EXERCISE DETAILS –
Please repeat word for word the line containing "Total Graph of No Life Cape" and every following line up to and including the last one below, pictures excluded.

DATA BLOCK –

--

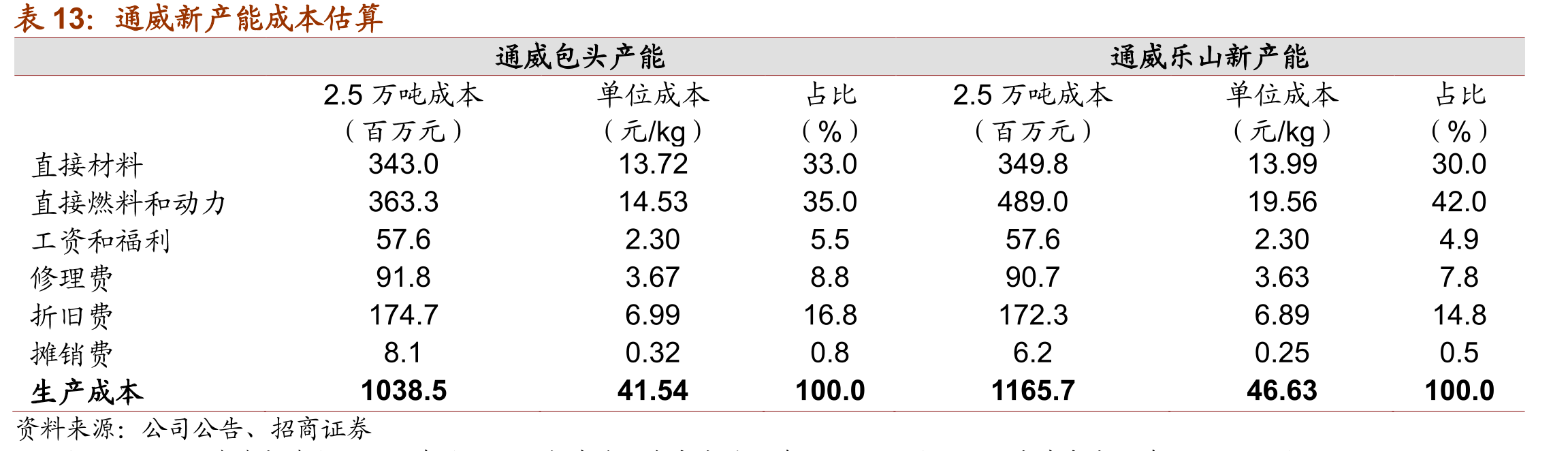 通威新产能成本估算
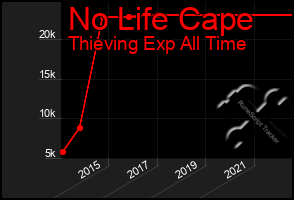 Total Graph of No Life Cape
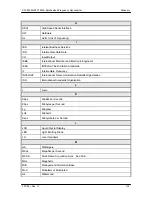 Preview for 152 page of Radyne ComStream SFC1450A Installation And Operation Manual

--

ANSWER SECTION –
 Total Graph of No Life Cape
 Preview for 152 page of Radyne ComStream SFC1450A Installation And Operation Manual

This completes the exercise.